Work instructions:
Please copy the data below exactly; none of the pictures in it belong in the copy.

(Short text fragments from websites)
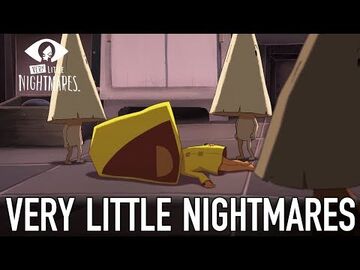 Very Little Nightmares+ está disponível na Apple Arcade!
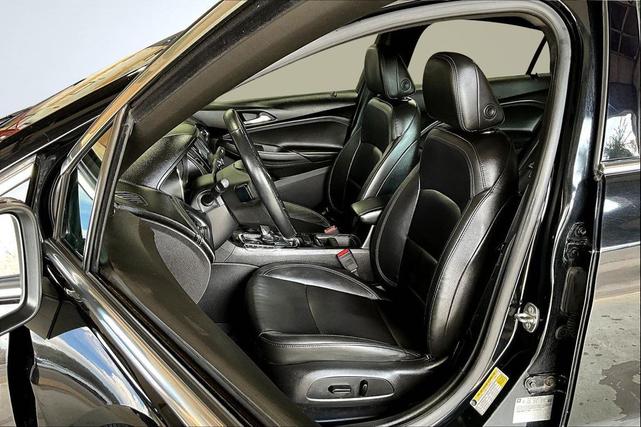 Photo of 2017 Mosaic Black Metallic Chevrolet Cruze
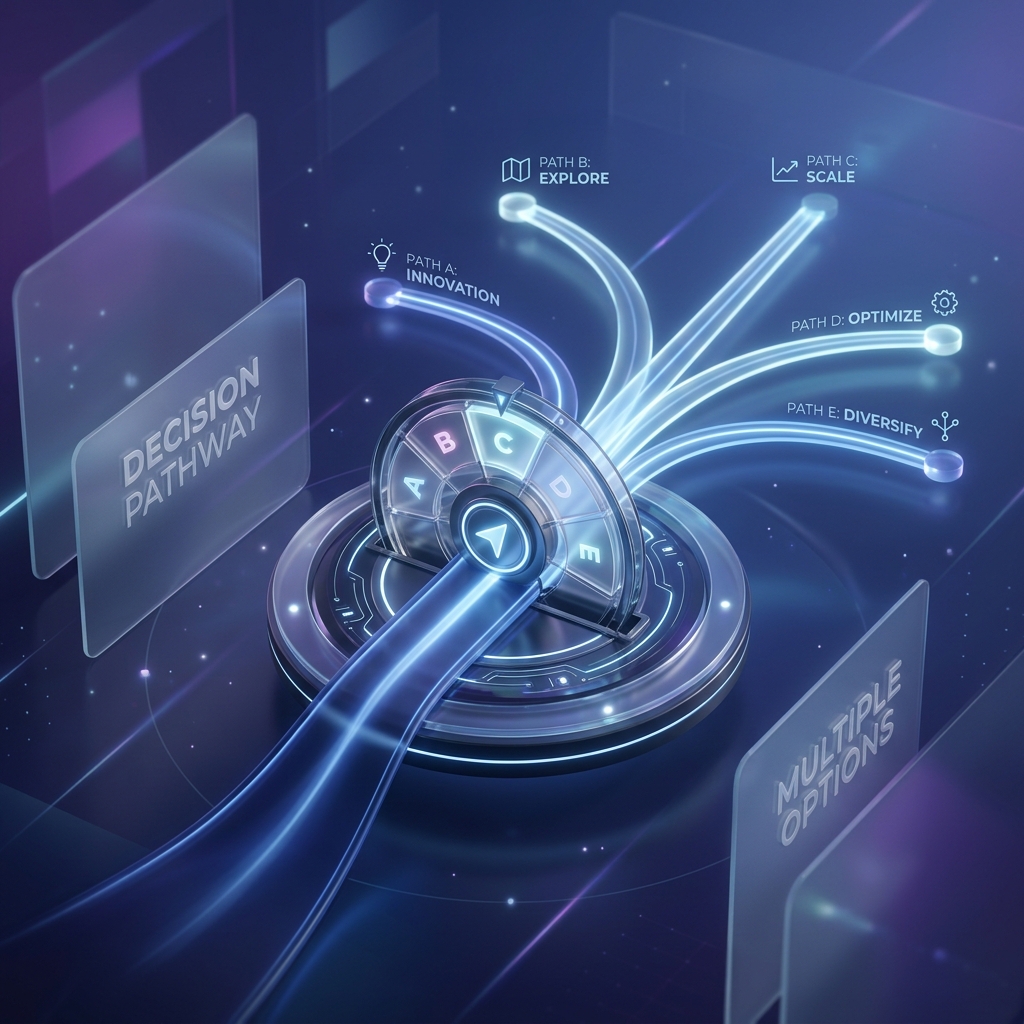 Mastering the Spin: 5 Ways Randomizers Cure Decision Fatigue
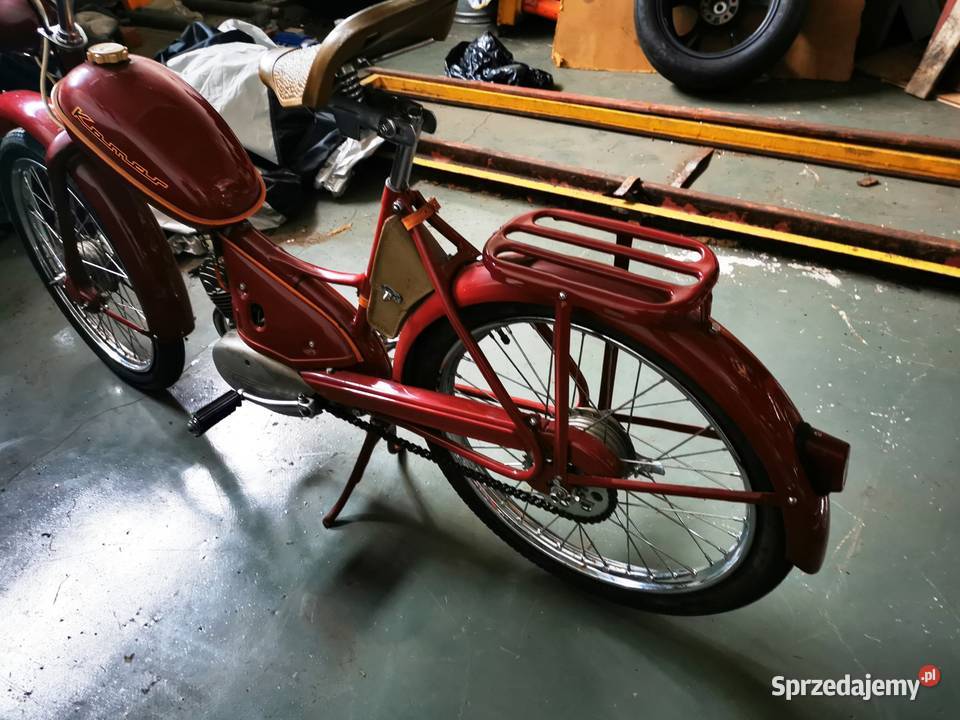 Komar 230 Leszno sprzedam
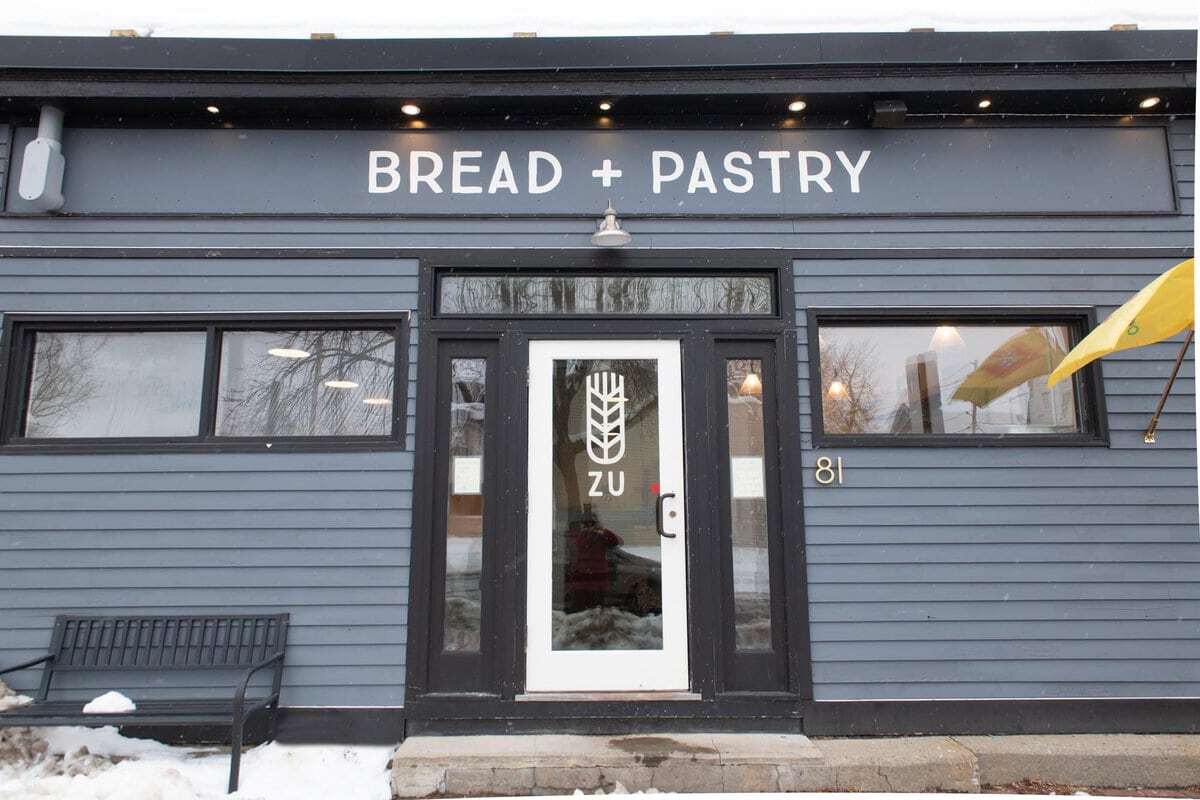 James Beard Award Winning Bakery 100 meters away! - 91 Gray St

Reply to the task:
 Very Little Nightmares+ está disponível na Apple Arcade!
 Photo of 2017 Mosaic Black Metallic Chevrolet Cruze
 Mastering the Spin: 5 Ways Randomizers Cure Decision Fatigue
 Komar 230 Leszno sprzedam
 James Beard Award Winning Bakery 100 meters away! - 91 Gray St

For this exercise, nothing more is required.